– Oferta mieszkań na sprzedaż w ostatnim czasie wyraźnie stopniała. Mieszkań do sprzedaży zaczęło ubywać już na początku wiosny. Wtedy znacząco ożywił się popyt, który jest pochodną wzrostu wynagrodzeń, delikatnej obniżki oprocentowania i ułatwienia rekomendacji KNF. Inwestorzy nie rozpoczynali jeszcze wtedy swoich inwestycji budowlanych — mówi Bartosz Turek główny analityk HRE w rozmowie z ISBnews.TV.
Popyt na mieszkania wzrósł jeszcze bardziej wraz z uruchomieniem programu „Bezpieczny Kredyt 2%”.

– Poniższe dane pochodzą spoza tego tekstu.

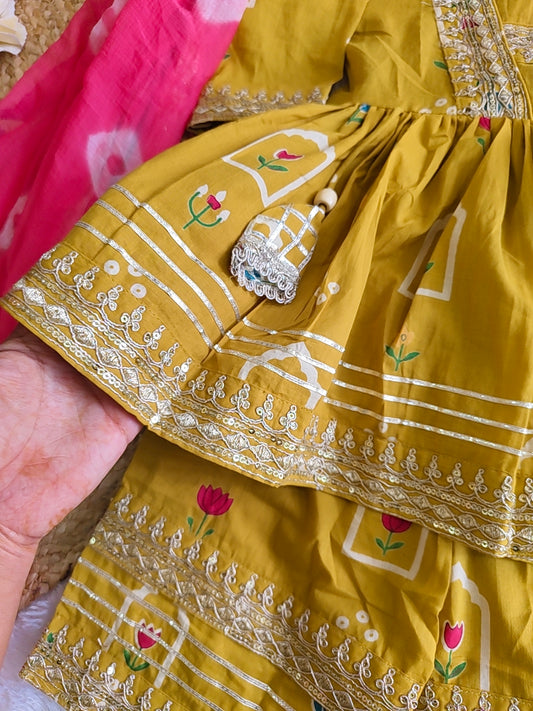 Kesari Tulip set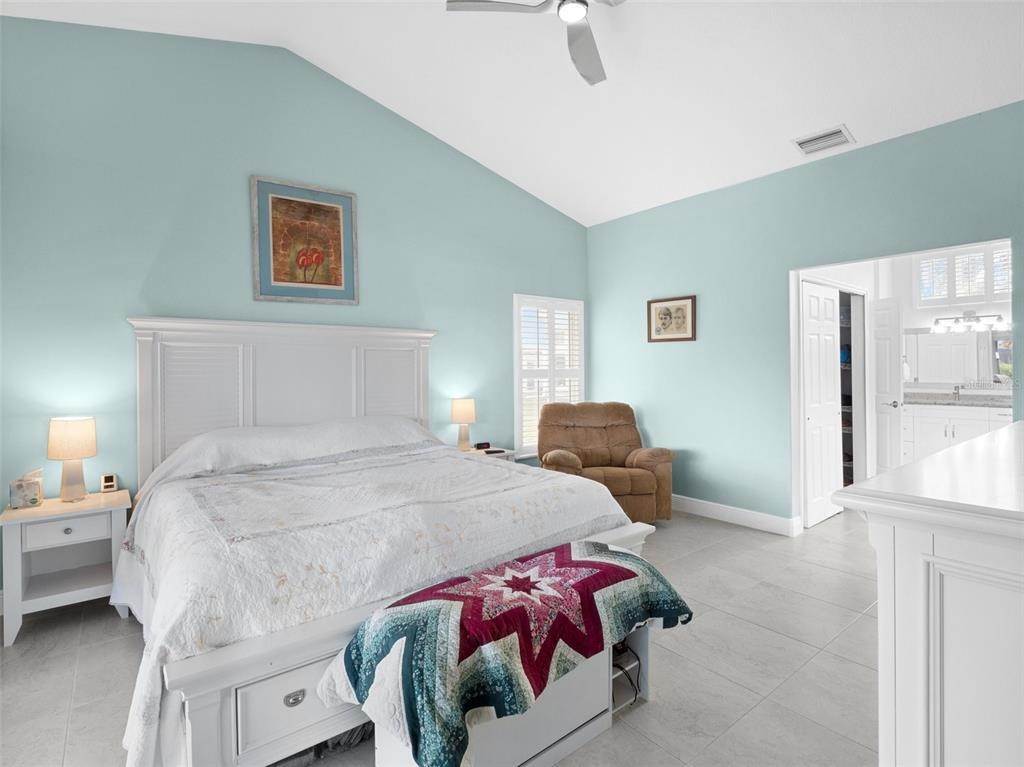16. Single Family Homes for Sale at 5020 SABLE KEY CIRCLE Punta Gorda, Florida 33955 United States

– Problem w tym, że z każdym mijającym dniem kupujący ograniczają dostępną na rynku ofertę, której deweloperzy nie nadążają uzupełniać. To niestety sprzyja wzrostom cen. Dziś na 7 największych rynkach deweloperzy mają około 40 tysięcy mieszkań dostępnych na sprzedaż – wynika z danych Otodom Analytics. Przy obecnym poziomie sprzedaży liczba ta powinna być, lekko licząc o połowę większa — dodaje Bartosz Turek.
W ostatnich miesiącach trochę zmniejszyła się też oferta dostępna na rynku wtórnym.
– Od wczesnej wiosny, gdy na sprzedaż było około 150 tysięcy mieszkań używanych, do początku lipca liczba ta spadła o prawie 10 tysięcy jednostek, a takiej zmiany nie można już bagatelizować — mówi analityk HRE.